Data

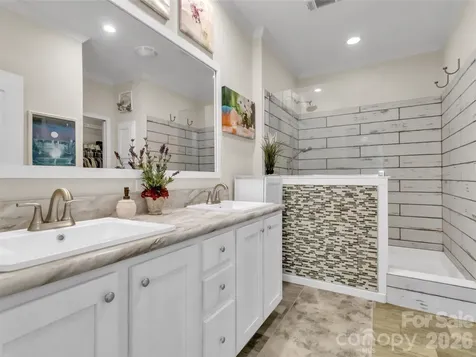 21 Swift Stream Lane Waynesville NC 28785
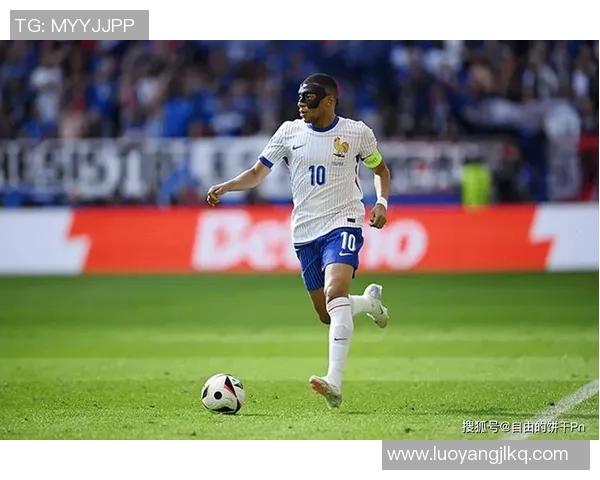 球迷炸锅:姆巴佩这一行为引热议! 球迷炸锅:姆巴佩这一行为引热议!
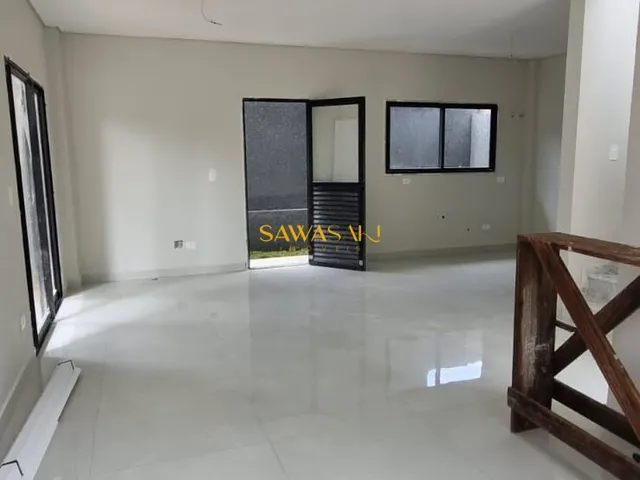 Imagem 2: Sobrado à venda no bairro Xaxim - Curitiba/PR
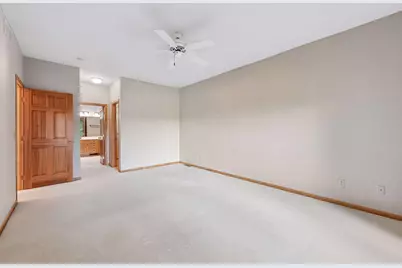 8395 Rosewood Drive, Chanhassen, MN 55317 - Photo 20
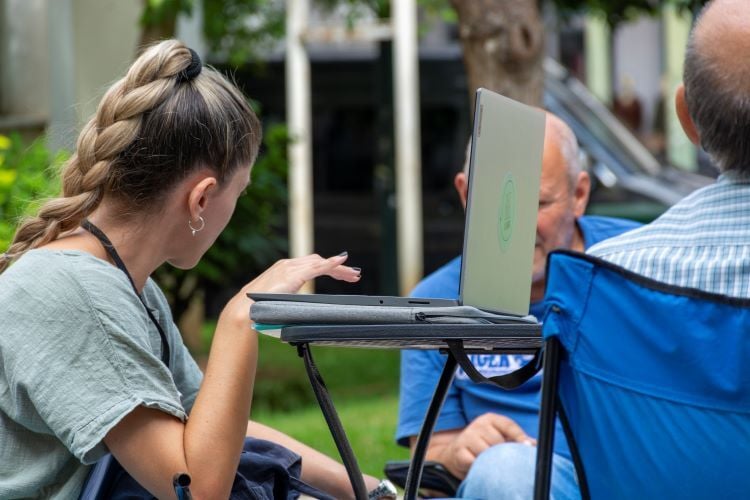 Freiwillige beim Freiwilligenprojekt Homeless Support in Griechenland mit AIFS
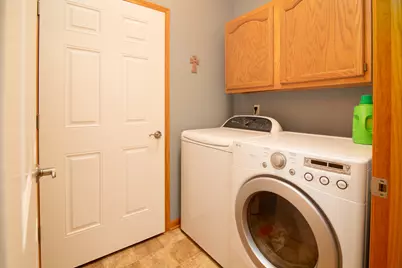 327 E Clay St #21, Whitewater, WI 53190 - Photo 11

Instructions for the task
Restate the whole listing above exactly, except for its images.

Answer to this exercise
 21 Swift Stream Lane Waynesville NC 28785
 球迷炸锅:姆巴佩这一行为引热议! 球迷炸锅:姆巴佩这一行为引热议!
 Imagem 2: Sobrado à venda no bairro Xaxim - Curitiba/PR
 8395 Rosewood Drive, Chanhassen, MN 55317 - Photo 20
 Freiwillige beim Freiwilligenprojekt Homeless Support in Griechenland mit AIFS
 327 E Clay St #21, Whitewater, WI 53190 - Photo 11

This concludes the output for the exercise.